Exercise requirements: Set the listing down again exactly, please, apart from its pictures.

Data segment:
--
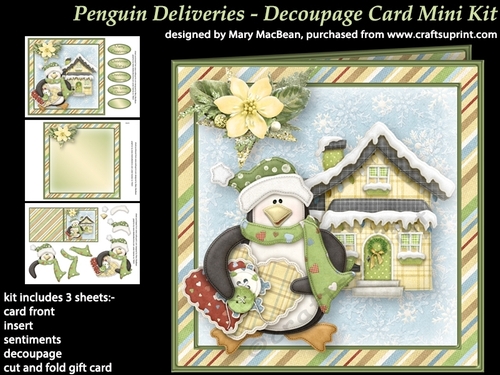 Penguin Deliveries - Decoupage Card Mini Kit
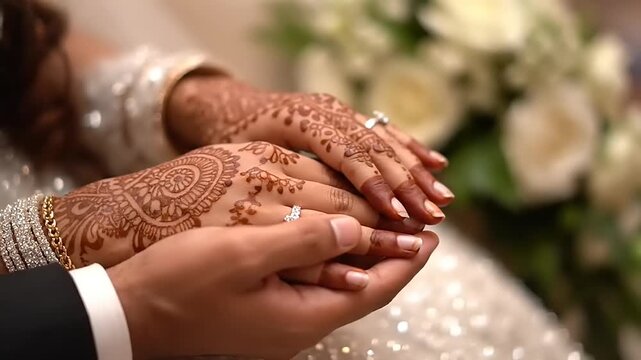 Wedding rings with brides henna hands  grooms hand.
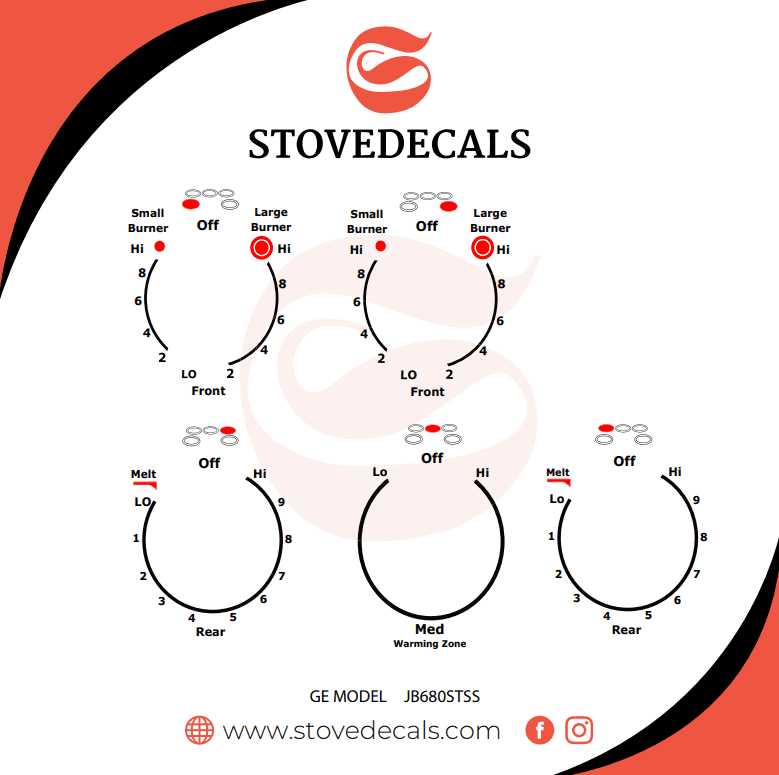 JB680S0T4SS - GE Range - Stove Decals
--
Result below:
 Penguin Deliveries - Decoupage Card Mini Kit
 Wedding rings with brides henna hands  grooms hand.
 JB680S0T4SS - GE Range - Stove Decals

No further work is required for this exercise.